◆ **Work instructions**
Instruction for the data below: set down exactly the lines from the line with "Sneakers à bandes" to the line with "Snow Fun One", inclusive, and no others.

◆ **Source data**

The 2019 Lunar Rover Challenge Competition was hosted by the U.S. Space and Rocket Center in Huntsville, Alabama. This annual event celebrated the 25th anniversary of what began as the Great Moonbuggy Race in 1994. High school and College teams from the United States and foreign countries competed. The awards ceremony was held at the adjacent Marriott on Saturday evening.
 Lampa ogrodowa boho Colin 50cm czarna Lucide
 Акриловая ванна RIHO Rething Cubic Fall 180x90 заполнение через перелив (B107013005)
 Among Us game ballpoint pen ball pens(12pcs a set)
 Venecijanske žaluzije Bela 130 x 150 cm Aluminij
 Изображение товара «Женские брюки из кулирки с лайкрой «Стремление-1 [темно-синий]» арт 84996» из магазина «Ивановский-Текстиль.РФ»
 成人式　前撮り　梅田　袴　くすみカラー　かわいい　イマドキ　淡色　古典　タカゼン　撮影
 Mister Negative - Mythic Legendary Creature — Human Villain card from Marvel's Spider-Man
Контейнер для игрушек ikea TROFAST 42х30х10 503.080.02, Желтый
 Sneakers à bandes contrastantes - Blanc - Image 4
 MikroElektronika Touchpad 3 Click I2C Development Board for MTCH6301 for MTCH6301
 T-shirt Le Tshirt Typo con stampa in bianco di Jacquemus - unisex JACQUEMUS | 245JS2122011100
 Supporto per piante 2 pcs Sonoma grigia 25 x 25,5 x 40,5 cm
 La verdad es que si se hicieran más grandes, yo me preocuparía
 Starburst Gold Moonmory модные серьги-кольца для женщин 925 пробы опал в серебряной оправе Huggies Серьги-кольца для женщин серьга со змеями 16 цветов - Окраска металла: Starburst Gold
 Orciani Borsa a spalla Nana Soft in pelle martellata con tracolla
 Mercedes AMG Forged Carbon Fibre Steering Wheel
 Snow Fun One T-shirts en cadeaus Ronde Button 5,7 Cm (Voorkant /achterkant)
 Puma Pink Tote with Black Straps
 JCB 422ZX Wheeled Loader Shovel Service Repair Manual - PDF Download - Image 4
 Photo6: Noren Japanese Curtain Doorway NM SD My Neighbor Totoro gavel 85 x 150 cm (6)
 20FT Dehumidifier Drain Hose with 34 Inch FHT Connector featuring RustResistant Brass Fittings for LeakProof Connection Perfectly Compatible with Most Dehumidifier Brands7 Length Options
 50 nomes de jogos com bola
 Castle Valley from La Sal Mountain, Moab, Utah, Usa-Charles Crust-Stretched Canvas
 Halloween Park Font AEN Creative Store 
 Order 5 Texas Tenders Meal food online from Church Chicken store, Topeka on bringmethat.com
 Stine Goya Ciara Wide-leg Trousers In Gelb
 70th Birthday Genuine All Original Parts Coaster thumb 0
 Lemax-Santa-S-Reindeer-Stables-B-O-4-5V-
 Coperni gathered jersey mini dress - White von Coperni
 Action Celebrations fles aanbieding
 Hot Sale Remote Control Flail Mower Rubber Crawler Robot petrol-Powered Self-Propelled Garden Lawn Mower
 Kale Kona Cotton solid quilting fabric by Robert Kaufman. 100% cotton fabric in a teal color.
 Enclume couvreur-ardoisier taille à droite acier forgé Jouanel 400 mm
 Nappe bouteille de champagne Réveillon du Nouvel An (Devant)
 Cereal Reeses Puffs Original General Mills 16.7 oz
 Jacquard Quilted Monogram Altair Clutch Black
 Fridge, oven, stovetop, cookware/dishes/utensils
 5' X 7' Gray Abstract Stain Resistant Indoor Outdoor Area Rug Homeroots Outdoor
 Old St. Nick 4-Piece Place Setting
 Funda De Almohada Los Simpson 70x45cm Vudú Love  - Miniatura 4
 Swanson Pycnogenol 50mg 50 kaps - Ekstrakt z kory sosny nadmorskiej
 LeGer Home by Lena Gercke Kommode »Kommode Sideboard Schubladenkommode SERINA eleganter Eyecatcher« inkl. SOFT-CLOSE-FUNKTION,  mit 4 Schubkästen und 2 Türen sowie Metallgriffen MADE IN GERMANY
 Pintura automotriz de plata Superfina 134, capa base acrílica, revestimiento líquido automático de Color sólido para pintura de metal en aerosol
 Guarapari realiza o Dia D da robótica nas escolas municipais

◆ **Task result**
 Sneakers à bandes contrastantes - Blanc - Image 4
 MikroElektronika Touchpad 3 Click I2C Development Board for MTCH6301 for MTCH6301
 T-shirt Le Tshirt Typo con stampa in bianco di Jacquemus - unisex JACQUEMUS | 245JS2122011100
 Supporto per piante 2 pcs Sonoma grigia 25 x 25,5 x 40,5 cm
 La verdad es que si se hicieran más grandes, yo me preocuparía
 Starburst Gold Moonmory модные серьги-кольца для женщин 925 пробы опал в серебряной оправе Huggies Серьги-кольца для женщин серьга со змеями 16 цветов - Окраска металла: Starburst Gold
 Orciani Borsa a spalla Nana Soft in pelle martellata con tracolla
 Mercedes AMG Forged Carbon Fibre Steering Wheel
 Snow Fun One T-shirts en cadeaus Ronde Button 5,7 Cm (Voorkant /achterkant)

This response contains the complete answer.